* _Supplied records_:

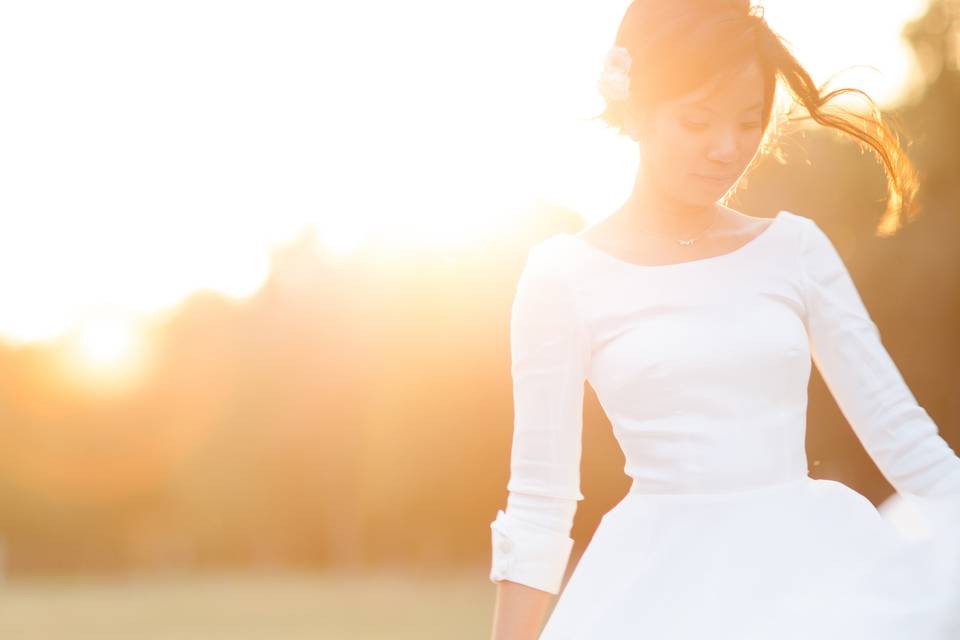 Spinning in the sunset! One of my favorite pictures I have ever taken, she had changed out of her wedding dress and into he reception dress.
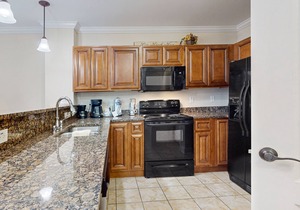 Central condo with private balcony, free attraction tickets, & pool/hot tub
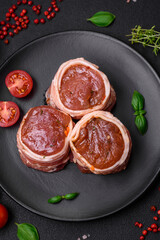 Delicious raw fresh pork or chicken meat rolls wrapped in bacon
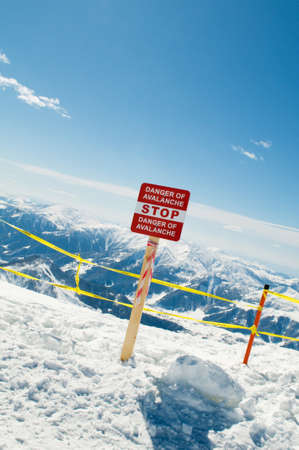 Avalanche sign and mountains at the backgroundの写真素材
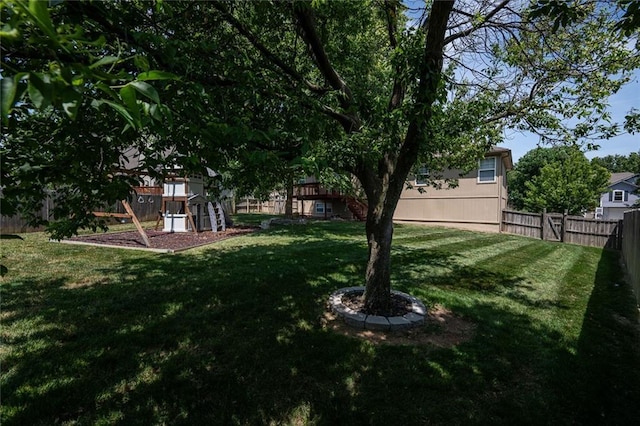 3616 Anchor Ct, Blue Springs, MO 64015 - fenced backyard with a playground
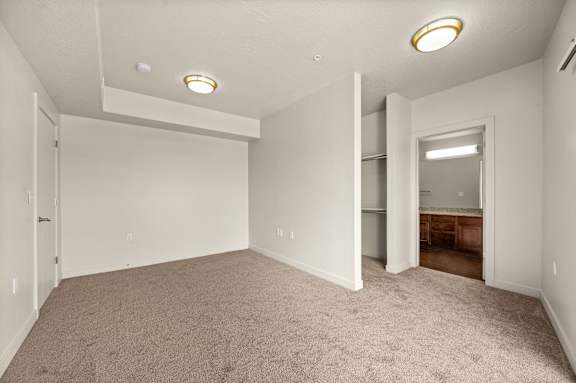 A spacious room with carpeted floor and white walls. at Wilmington Flats Apartments, Utah, 84106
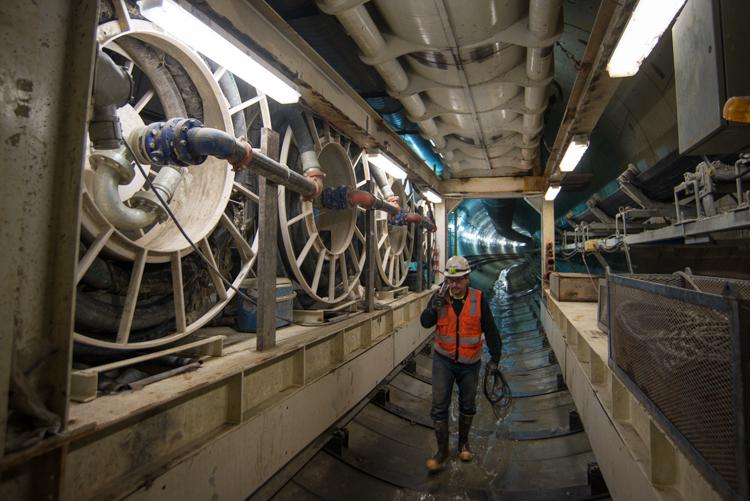 Worker in orange safety vest carries equipment through tunnel past large circular tunnel boring machine components.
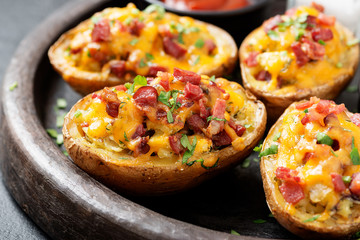 Hot baked potato topped with bacon, green onions and cheddar cheese. - obrazy, fototapety, plakaty
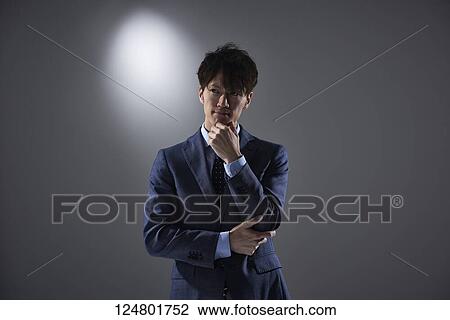 Stock Image - Japanese businessman studio portrait. Fotosearch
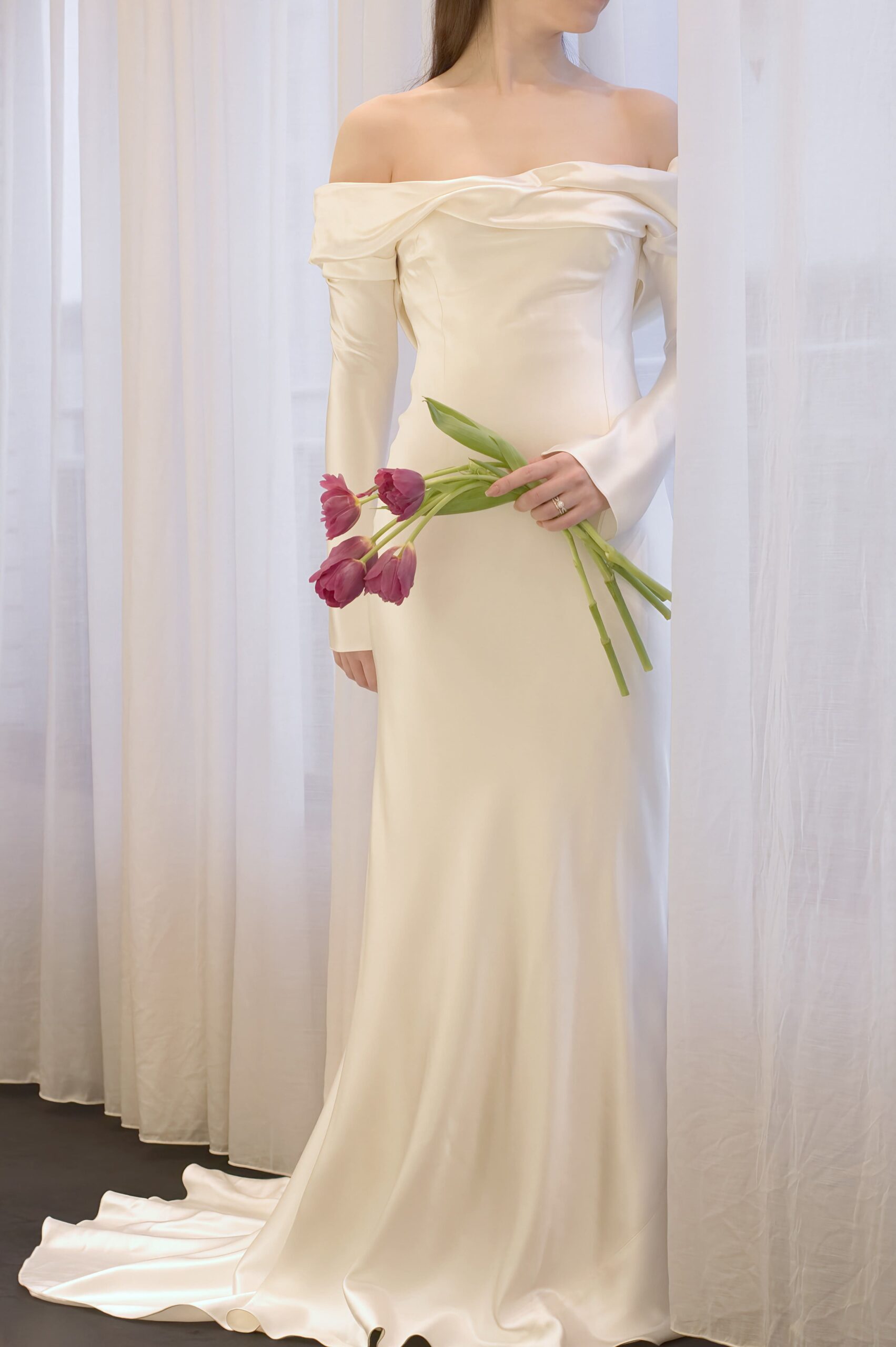 春の結婚式におすすめのウェディングドレスは、シルクの艶めきが美しい細身のシルエットで、オフショルダーがデコルテを華奢にみせるロングスリーブのデザインです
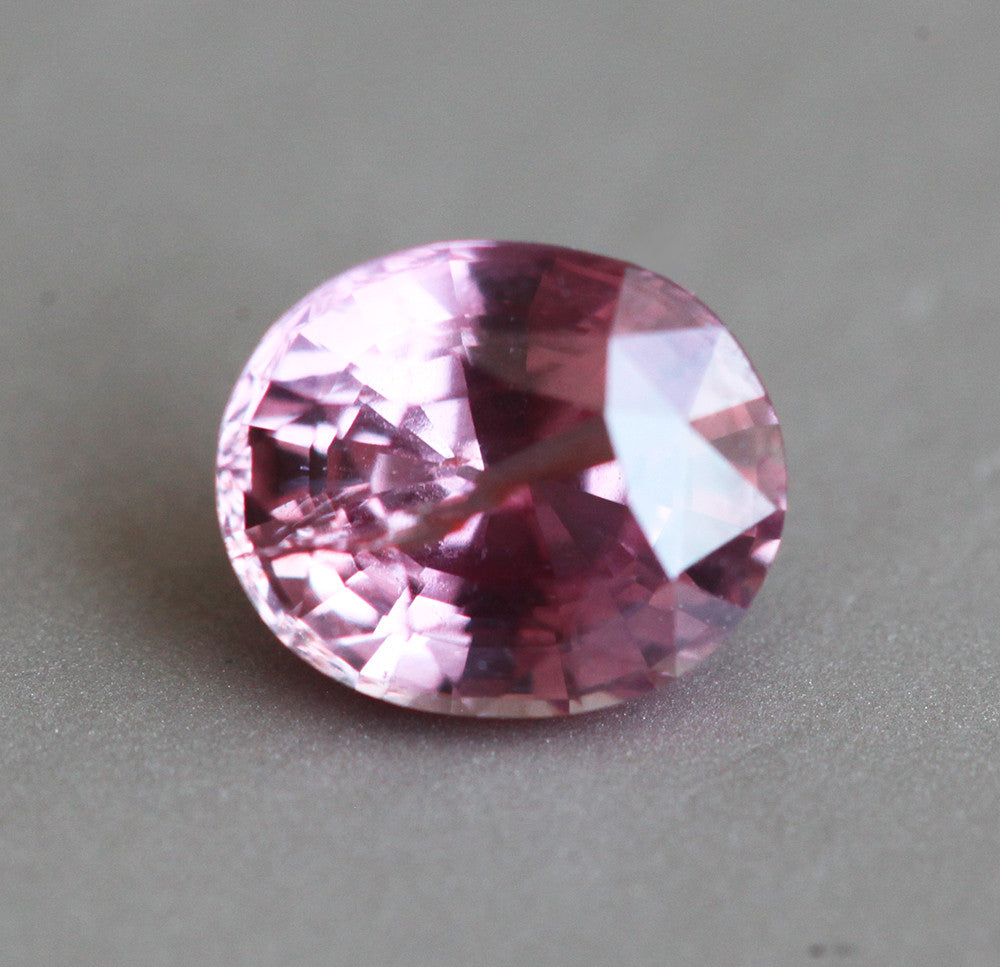 Loose oval-shaped orange pink sapphire
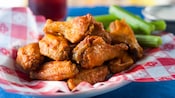 A pile of buffalo wings on a plate with celery sticks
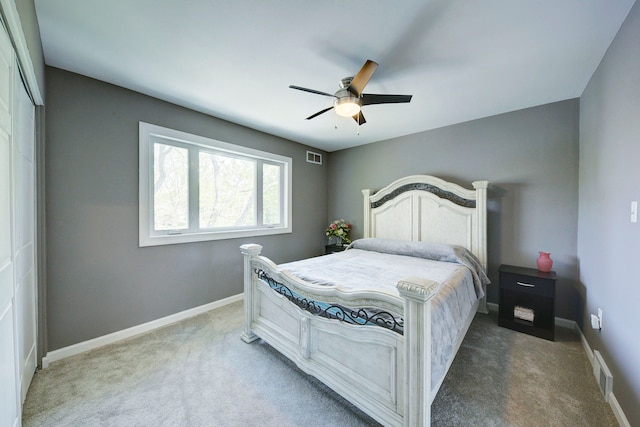 carpeted bedroom with baseboards, ceiling fan, and a closet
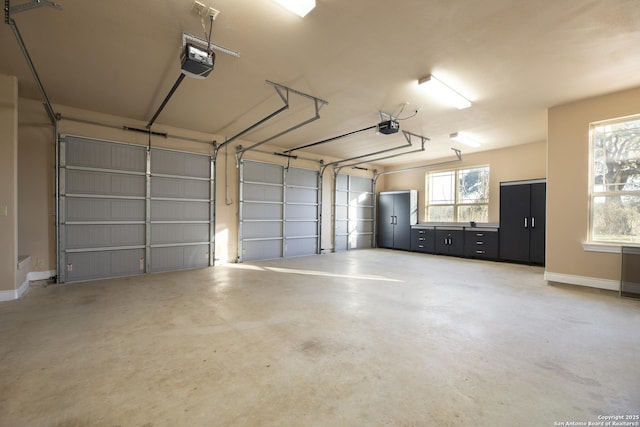 garage with baseboards and a garage door opener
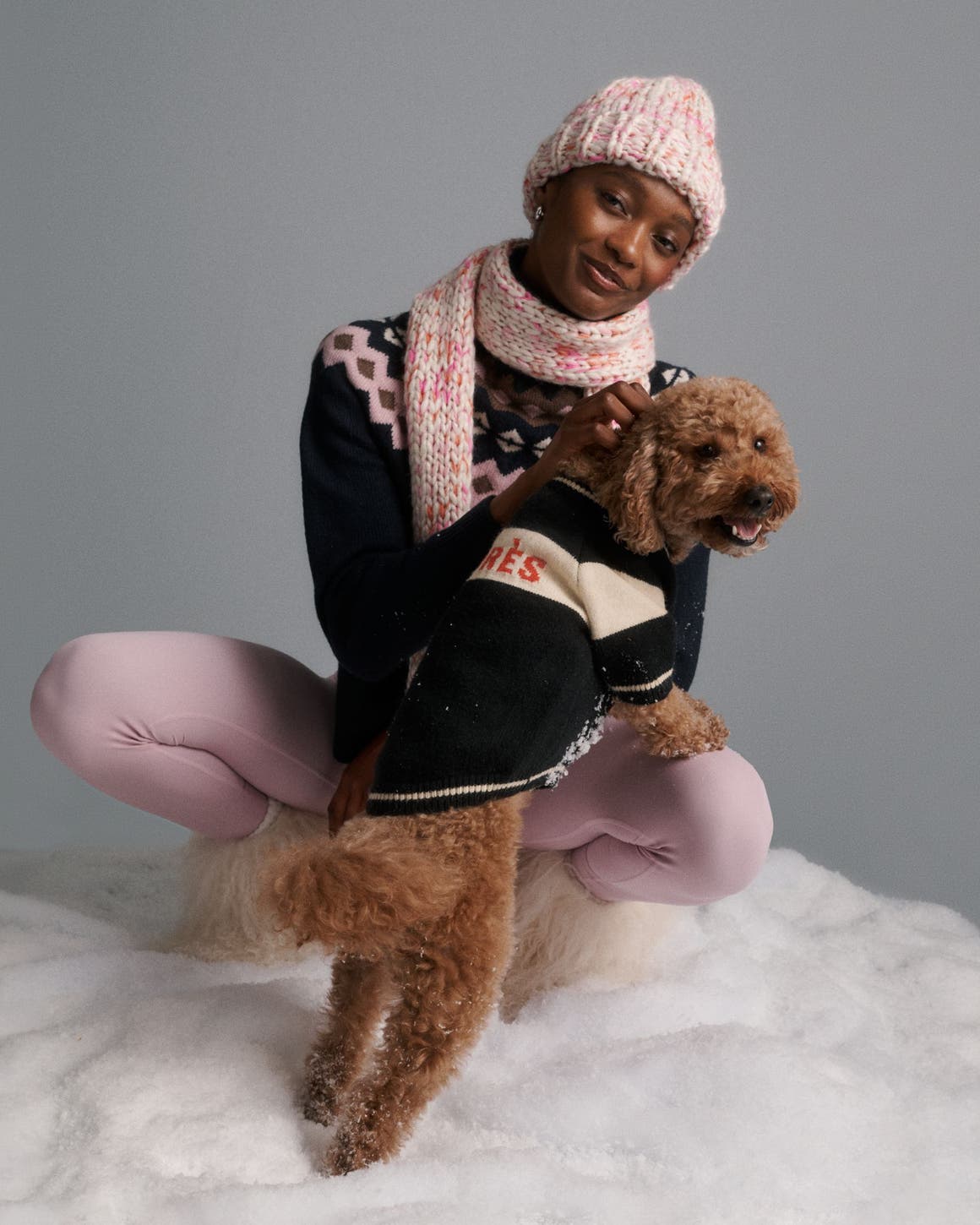 A woman wearing outerwear with a dog in a sweater.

* _Activity_:
Because only one stretch of the records is wanted, please output the lines from the one holding "春の結婚式におすすめのウェデ" through the one holding "garage with baseboards" exactly, both included, and leave every picture out.

* _Written solution_:
 春の結婚式におすすめのウェディングドレスは、シルクの艶めきが美しい細身のシルエットで、オフショルダーがデコルテを華奢にみせるロングスリーブのデザインです
 Loose oval-shaped orange pink sapphire
 A pile of buffalo wings on a plate with celery sticks
 carpeted bedroom with baseboards, ceiling fan, and a closet
 garage with baseboards and a garage door opener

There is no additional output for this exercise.